En plantant du soja, la prise de risque est climatique mais l’intérêt agronomique de la culture est évident. Les bonnes années, la culture de soja est aussi rentable que celle de blé.

Photo : Emeric Courbet, technicien « Grandes Cultures » de la Chambre d’Agriculture de Haute-Saône dans un champ de soja prêt à être récolté.

En Haute-Saône, le soja fait partie des assolements de nombreuses exploitations. Dans une rotation, sa culture se succède généralement à celle du maïs et précède celle du blé.

« Chaque année, le risque pris par n’importe quel agriculteur semant du soja est minime au regard des coûts engendrés par la culture de maïs, explique Emeric Courbet, technicien « Grandes Cultures » de la Chambre d’Agriculture de Haute-Saône. Les mauvaises années, la vente des graines couvre les prix des intrants. Les bonnes années, la marge brute de la culture est au moins équivalente à celle du blé ».

Les deux campagnes, caniculaire de 2020 et plus tempérée de 2021, sont deux cas d’école.

« L’an passé, le rendement moyen n’excédait pas 15 quintaux par hectare. Cette année, la production a dépassé allègrement les 30 quintaux par hectare et le seuil de 40 quintaux a parfois été atteint » explique encore Emeric  Courbet. Si bien qu’en combinant les produits de vente et les charges opérationnelles (350 €/ha avec des semences de ferme, couverts compris), la marge brute  moyenne d’un hectare de soja est passée de 175 € en 2020 à 1240 € en 2021. Mais entre temps, le rendement par hectare a doublé et le prix de la tonne de soja est passé de 350 € à 530 €.

« La plante a besoin de pluies pour se développer et pour produire des gousses. Elle est plus sensible au stress hydrique que le tournesol mais moins que le maïs » explique Mathieu Constantin. Il est agriculteur à Cugney et il conduit une exploitation de 235 hectares dont 25 hectares de soja.

D’un point de vue agronomique, la culture de soja ne présente que des intérêts. Du reste, cette production est complètement en phase avec la réforme de la PAC qui sera lancée en 2023.
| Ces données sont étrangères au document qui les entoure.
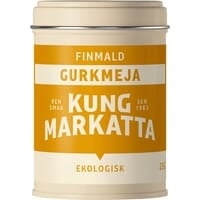 Kung Markatta Gurkmeja 25 g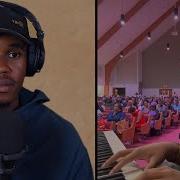 This Musician Killed Great Is Your Mercy On The Piano Gospel Piano Breakdown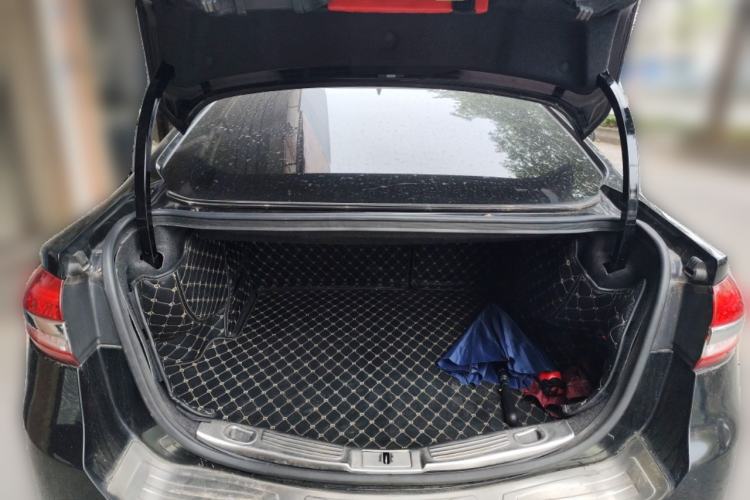 Used Ford Mondeo 2017 EcoBoost 180 Luxury Model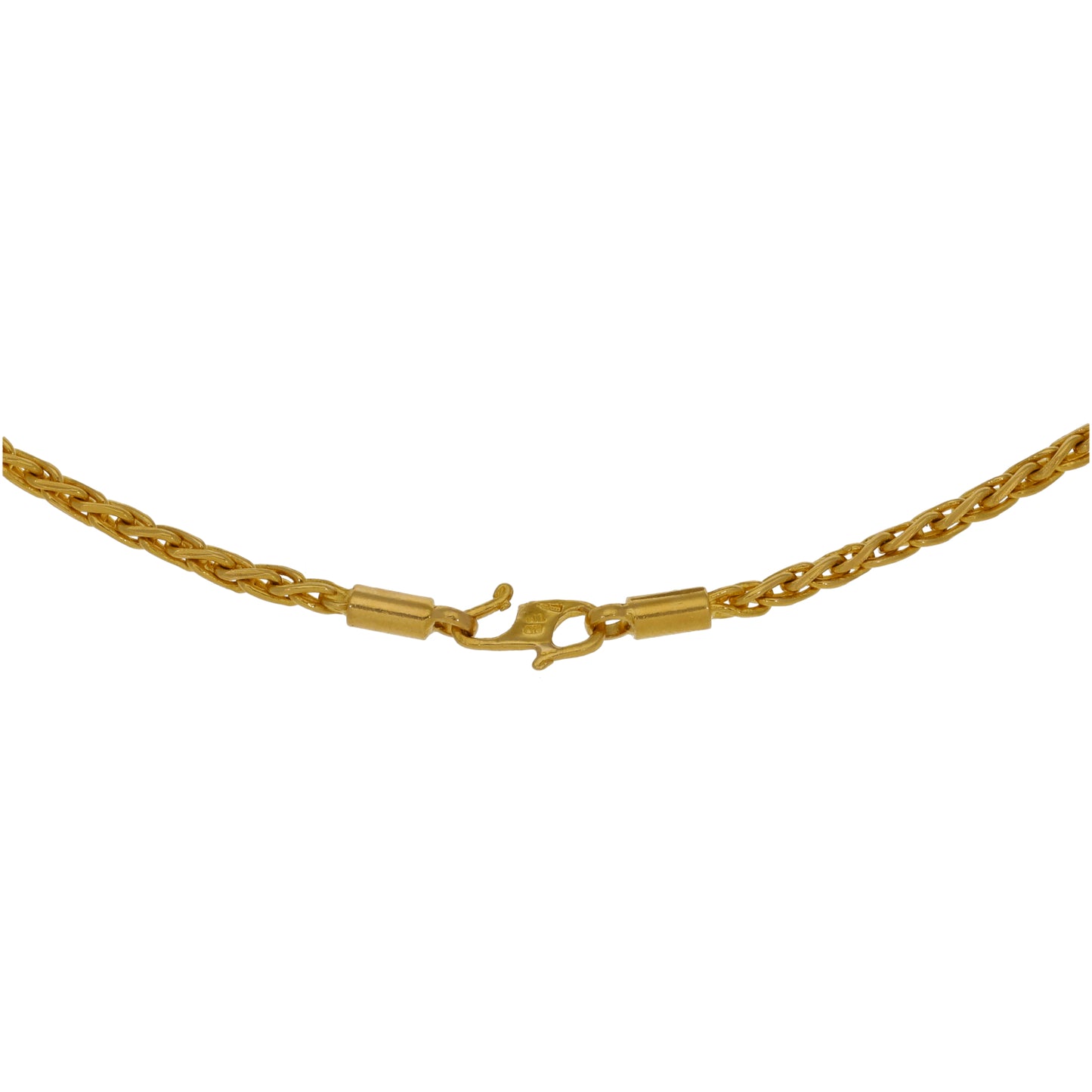 22ct Gold Other Chain 28"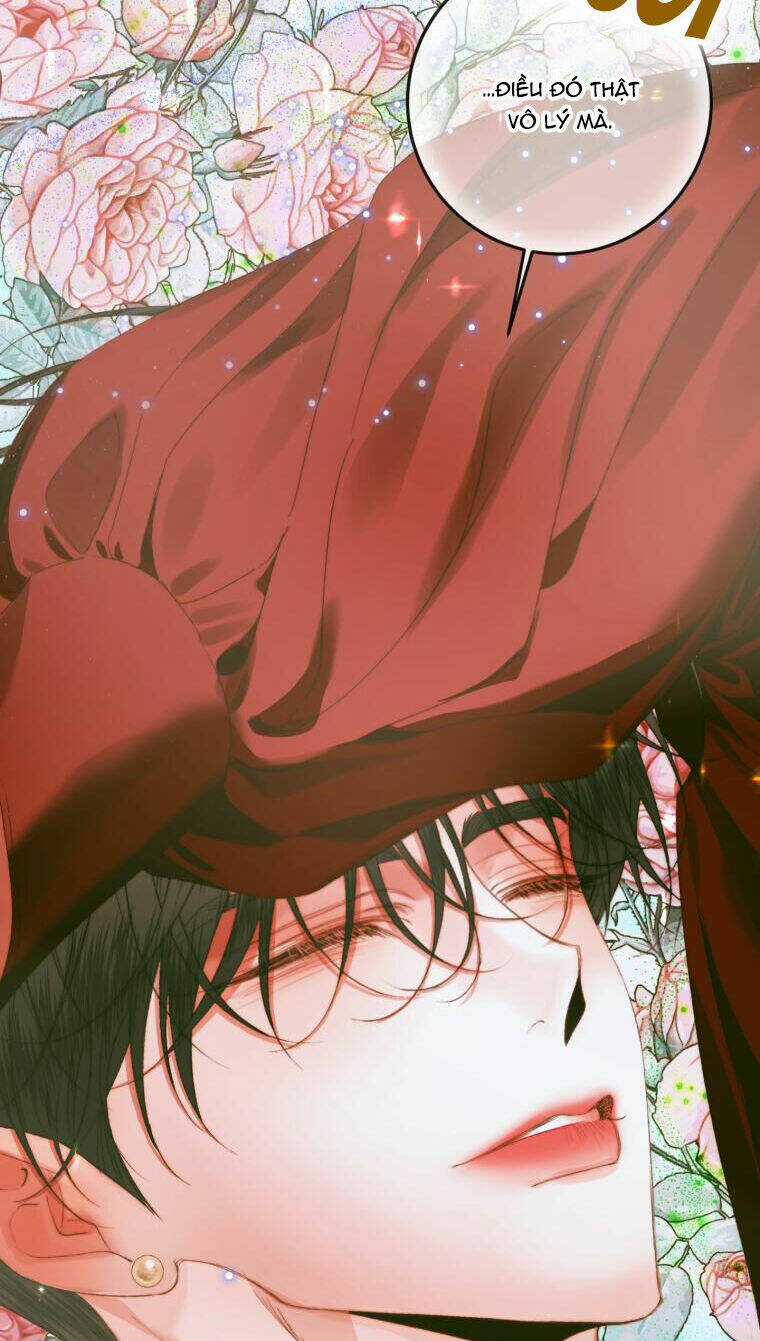 Trở Thành Cô Vợ Khế Ước Của Nhân Vật Phản Diện Chapter 80 trang 74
L’implantation d’une culture de soja nécessite peu d’intrants. Sur son exploitation Mathieu épand 30 unités de phosphates et 50 unités de potassium par hectare de soja. «  En apports, il  ne faut pas dépasser ce qui est exporté à la récolte » recommande l’agriculteur. Mais pour faire son dosage, ce dernier prend en compte les résidus restitués au sol par la culture précédente. Parfois, certains de ses collègues cultivent du soja sans apports d’engrais.

A la différence de la luzerne, le soja ne stocke pas d’azote dans le sol. La plante fixe seulement l’azote atmosphérique, contenu dans la terre, pour couvrir ses besoins. Il ne faut donc pas compter sur cette production  pour réaliser des économies d’azote sur la culture suivante (en général du blé).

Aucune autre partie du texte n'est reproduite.